Fill out our Daily Orange reader survey to make our paper better


Humor

Cuneo: Disney movie flashback, Cheetah Girls edition

Last year I kept a running diary of “High School Musical” to revel in a little nostalgia as well as to see if the movie was as magical as we all remember.

It was.

This year I dove deep into the Disney vault to pull up the 2003 hit “The Cheetah Girls.”

So here it is, Disney Movie Flashback Episode II: Attack of the Cheetah.

0:37- The first sequence of the movie is the four girls obviously lip synching a performance that is shot “music video style” at an 8-year-old kid’s birthday party. We are introduced to Galleria, Chanel, Aquanette aka “Aqua” and Dorinda. Dorinda is white.



Dorinda is the name of a white person in this movie.

9:00- Galleria’s Italian father Francobollo, who talks as if he is in a Mario Bros. interpretation of “Les Miserables,” doesn’t understand why Galleria has switched “bling-bling” to “bling-bling-bling.”

We need a hotline for conundrums such as these.

Galleria continues to talk about the upcoming talent show, which apparently will make the Cheetah Girls instantly famous after they win a chance to submit a demo tape. Galleria backs up her claim with evidence of the success of Monique Twig and Electra Breeze who won talent shows and went platinum.

Monique Twig and Electra Breeze.

I feel like the producers had two wheels: one with names of people and the other with names of nouns and actions, and they just spun them to get whatever name they wanted.

13:41- Galleria gets a late night call from Chanel who calls her “Bubbles.” That’s like someone calling me Pumpkin (please do not call me this).

15:32- “I have to meet with Mrs.
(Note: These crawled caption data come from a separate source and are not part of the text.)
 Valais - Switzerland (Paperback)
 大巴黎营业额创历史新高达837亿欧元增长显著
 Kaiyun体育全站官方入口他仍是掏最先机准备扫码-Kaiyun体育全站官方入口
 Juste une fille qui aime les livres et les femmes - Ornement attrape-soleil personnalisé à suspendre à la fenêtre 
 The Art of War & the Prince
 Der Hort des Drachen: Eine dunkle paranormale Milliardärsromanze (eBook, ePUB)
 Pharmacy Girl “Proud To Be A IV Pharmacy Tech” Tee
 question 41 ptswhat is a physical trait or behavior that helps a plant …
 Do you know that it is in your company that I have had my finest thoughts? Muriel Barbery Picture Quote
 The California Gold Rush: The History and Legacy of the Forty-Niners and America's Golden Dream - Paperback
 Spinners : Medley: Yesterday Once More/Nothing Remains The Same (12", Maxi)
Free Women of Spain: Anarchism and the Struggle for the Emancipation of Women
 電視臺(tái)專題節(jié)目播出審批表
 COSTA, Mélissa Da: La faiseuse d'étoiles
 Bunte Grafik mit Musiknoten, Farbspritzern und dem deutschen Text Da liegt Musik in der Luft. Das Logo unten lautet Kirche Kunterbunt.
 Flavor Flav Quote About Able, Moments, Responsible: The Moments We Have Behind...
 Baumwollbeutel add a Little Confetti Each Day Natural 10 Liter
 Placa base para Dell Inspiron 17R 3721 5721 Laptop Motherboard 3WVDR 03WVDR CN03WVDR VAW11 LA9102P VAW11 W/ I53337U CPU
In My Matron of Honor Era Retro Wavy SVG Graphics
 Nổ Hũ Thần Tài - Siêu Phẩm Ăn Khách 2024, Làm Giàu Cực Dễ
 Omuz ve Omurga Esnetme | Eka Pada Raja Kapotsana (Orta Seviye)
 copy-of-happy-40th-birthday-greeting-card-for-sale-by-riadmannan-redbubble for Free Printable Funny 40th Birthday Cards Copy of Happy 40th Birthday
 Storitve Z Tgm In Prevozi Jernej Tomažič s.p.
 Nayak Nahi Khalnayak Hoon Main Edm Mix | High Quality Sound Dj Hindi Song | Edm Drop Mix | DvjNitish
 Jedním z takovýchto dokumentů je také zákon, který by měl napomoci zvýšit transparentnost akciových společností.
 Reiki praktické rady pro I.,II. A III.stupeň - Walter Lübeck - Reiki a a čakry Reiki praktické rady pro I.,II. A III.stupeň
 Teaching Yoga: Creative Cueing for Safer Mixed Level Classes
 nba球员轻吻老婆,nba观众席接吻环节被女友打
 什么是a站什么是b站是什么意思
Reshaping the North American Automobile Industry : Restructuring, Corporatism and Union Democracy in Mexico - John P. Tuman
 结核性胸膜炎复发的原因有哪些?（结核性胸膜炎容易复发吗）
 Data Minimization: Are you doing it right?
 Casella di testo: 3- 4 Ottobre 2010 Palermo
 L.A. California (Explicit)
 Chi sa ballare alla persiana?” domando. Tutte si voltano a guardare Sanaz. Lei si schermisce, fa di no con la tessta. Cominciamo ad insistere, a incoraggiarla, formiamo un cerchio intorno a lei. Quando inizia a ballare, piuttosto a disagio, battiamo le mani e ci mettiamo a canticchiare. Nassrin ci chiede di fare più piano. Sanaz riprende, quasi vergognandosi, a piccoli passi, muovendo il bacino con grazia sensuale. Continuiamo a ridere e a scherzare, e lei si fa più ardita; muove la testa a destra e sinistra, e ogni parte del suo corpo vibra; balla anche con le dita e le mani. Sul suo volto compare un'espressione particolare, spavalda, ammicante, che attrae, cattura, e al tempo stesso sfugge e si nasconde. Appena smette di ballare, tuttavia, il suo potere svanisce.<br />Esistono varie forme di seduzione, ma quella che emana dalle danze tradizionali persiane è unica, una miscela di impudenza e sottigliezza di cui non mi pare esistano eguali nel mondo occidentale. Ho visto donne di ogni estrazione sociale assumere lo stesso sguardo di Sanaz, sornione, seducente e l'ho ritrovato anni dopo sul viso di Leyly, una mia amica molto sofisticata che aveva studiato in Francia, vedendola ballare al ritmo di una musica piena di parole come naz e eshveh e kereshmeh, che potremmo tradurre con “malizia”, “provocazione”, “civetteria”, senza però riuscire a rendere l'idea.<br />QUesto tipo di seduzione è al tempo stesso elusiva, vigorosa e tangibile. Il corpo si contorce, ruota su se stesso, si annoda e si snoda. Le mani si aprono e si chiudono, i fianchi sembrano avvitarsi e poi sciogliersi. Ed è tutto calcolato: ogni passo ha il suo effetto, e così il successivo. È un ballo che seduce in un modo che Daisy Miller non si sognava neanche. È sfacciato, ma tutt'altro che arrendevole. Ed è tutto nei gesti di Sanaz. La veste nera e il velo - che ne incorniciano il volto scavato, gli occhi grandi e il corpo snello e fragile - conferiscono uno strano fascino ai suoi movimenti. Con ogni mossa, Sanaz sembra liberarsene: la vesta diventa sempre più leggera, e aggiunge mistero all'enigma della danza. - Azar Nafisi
Almanac about my history test.” –Chanel.

Real line, in the movie.

The equivalent of saying:

“I need to go meet with my gastroenterologist, Dr. Wet Diarrhea.”

20:17- Well, here comes the host of the talent show, DRINKA CHAMPAGNE.

Guys.

The host of this talent show is a former pop star who uses disco metaphors to talk to her students, and her name is DRINKA CHAMPAGNE.

21:43- OH HELLO NOTABLE PRODUCER JACKAL JOHNSON, WHAT ARE YOU DOING HERE AT A HIGH SCHOOL?

Good time to pause here and drop the first of many Cheetah Girl Power Rankings:

1. Aqua- duh.
2. Chanel- she’s fun.
3. Dorinda- is she homeless?
4. Galleria- starting to heel turn.

33:20- The Girls have arrived for their meeting with Jackal at Def Duck Records.

Def Duck Records.

How does a Def Duck listen to music and why, if this was a play on “Def Jam” wouldn’t they do something like “Def Peanut Butter Records” or “Def Jelly Records.”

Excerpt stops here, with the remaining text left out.